US President George W. Bush pledged today to cooperate with the new Democratic-controlled Senate even as he pressed ahead with a divisive bid to get John Bolton confirmed as UN ambassador.
Adjusting to a shift of power after Democrats captured both houses of Congress in Tuesday's elections, Mr Bush met the party's Senate leaders who will have increased influence over his policies at home and abroad, including the unpopular war in Iraq.
"The election's over. The problems haven't gone away," Mr Bush said at the end of the meeting. "There is a great opportunity for us to show the country ... that we can work together."
But his call for bipartisanship after years of bitter political battles between his Republicans and opposition Democrats could be undercut by his renewed effort to push through Mr Bolton's nomination.
Yesterday, the President Bush urged leaders of the outgoing Republican-led Senate to confirm Mr Bolton, a favourite of conservatives, before the Democrats take over Congress early next year.
Democrats blocked Mr Bolton's confirmation last year, saying he had used an earlier job as top US diplomat for arms control to manipulate intelligence to promote his hawkish views. He has been serving as UN envoy under a temporary appointment by Bush that allows him to stay until January.

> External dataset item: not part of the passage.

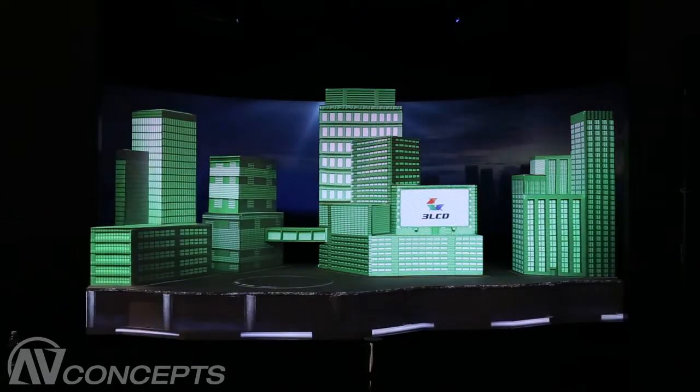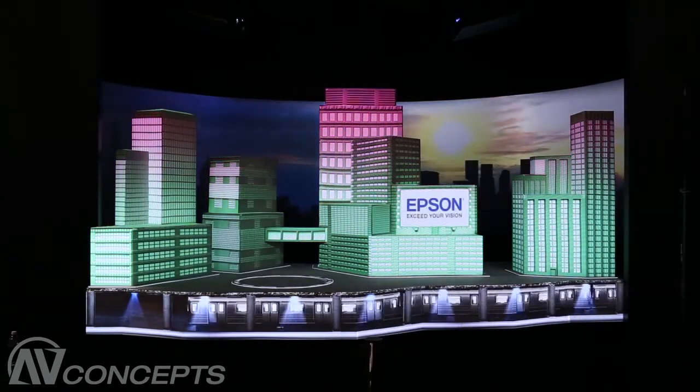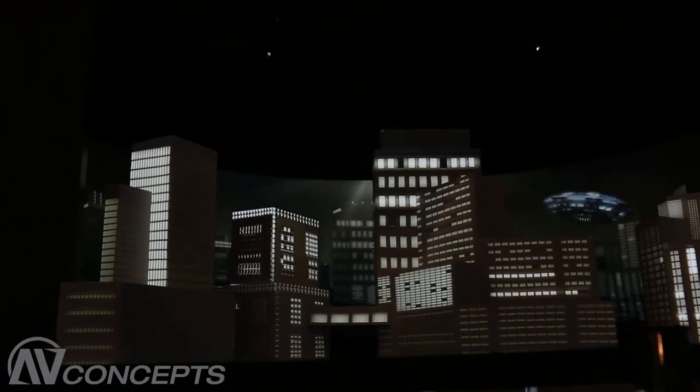Infocom is a very important show for us. It's one of our biggest opportunities to get in front of our customers and showcase our latest technology. This year we wanted to make a big impact, bring people into the booth, and show off our new products — and this has been a great way to do that.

Democratic lawmakers, joined by key Republican Senator Lincoln Chafee of Rhode Island, vowed not to support Mr Bolton's renomination, imperilling Mr Bush's attempts to keep him in the post.
If Mr Bolton goes, he would be the administration's second major second casualty since Republicans suffered humiliating defeats at the polls on Tuesday, hammered by voters disillusioned with Bush's handling of the Iraq war.
Mr Bush quickly announced the resignation of US Defence Secretary Donald Rumsfeld, the lightning rod for criticism of US Iraq policy, and insisted he was open to new ideas on the conduct of the war. Iraq figured prominently in his talks with Senate Democrats today.
Democratic Senator Joseph Biden of Delaware, who is expected to become chairman of the Senate Foreign Relations Committee in the new Congress, said last night Mr Bolton's nomination was "going nowhere".
Opponents of the nomination said the elections, widely seen as the voters' repudiation of Mr Bush's Iraq war strategy, showed a new direction was needed in foreign policy.